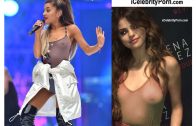 Ariana Grande y Selena Gomez xxx Fotos de sus Tetas -famosas-desnudas-fotos-filtradas-descuidos-cantantes-follando-porno (1)
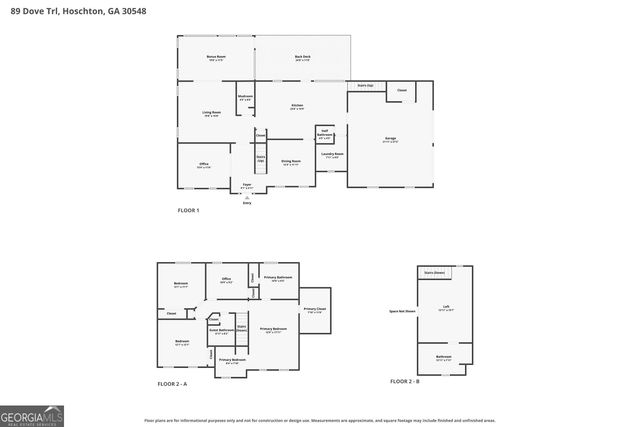 89 Dove Trail, Hoschton, GA 30548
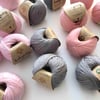 Organic Cotton Yarn - PIGEON, 950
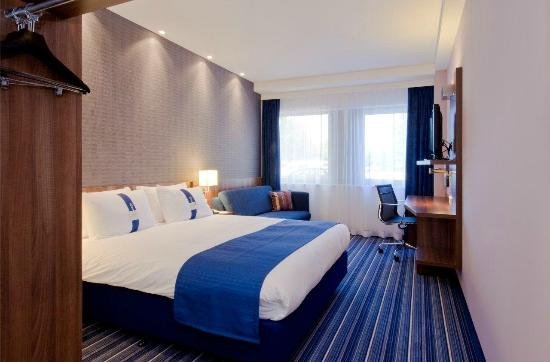 Imagen 2 de Holiday Inn Express Amsterdam - South, an IHG Hotel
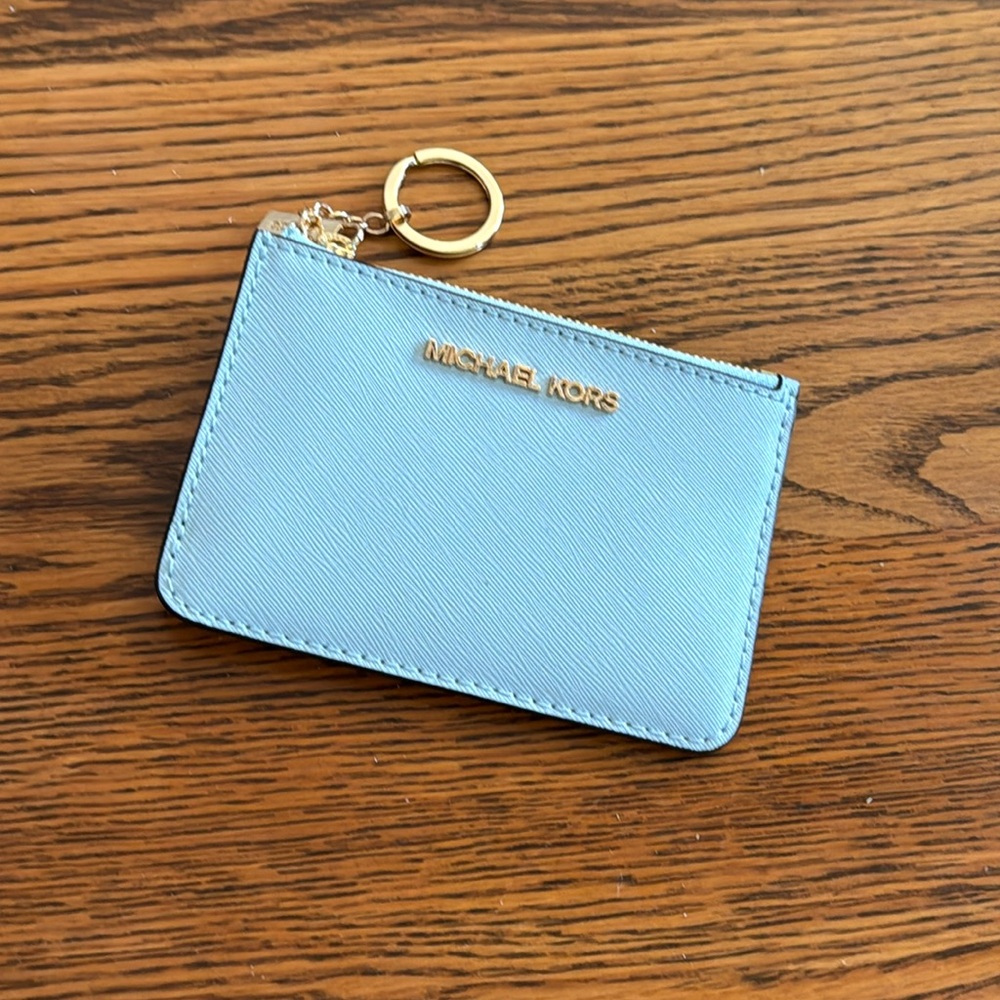 Micheal Kors Wallet with ID holder and card holder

########

## [What you have to do]
Would you transcribe all of the entries above exactly, minus the images?

## [Response to the exercise]
 Ariana Grande y Selena Gomez xxx Fotos de sus Tetas -famosas-desnudas-fotos-filtradas-descuidos-cantantes-follando-porno (1)
 89 Dove Trail, Hoschton, GA 30548
 Organic Cotton Yarn - PIGEON, 950
 Imagen 2 de Holiday Inn Express Amsterdam - South, an IHG Hotel
 Micheal Kors Wallet with ID holder and card holder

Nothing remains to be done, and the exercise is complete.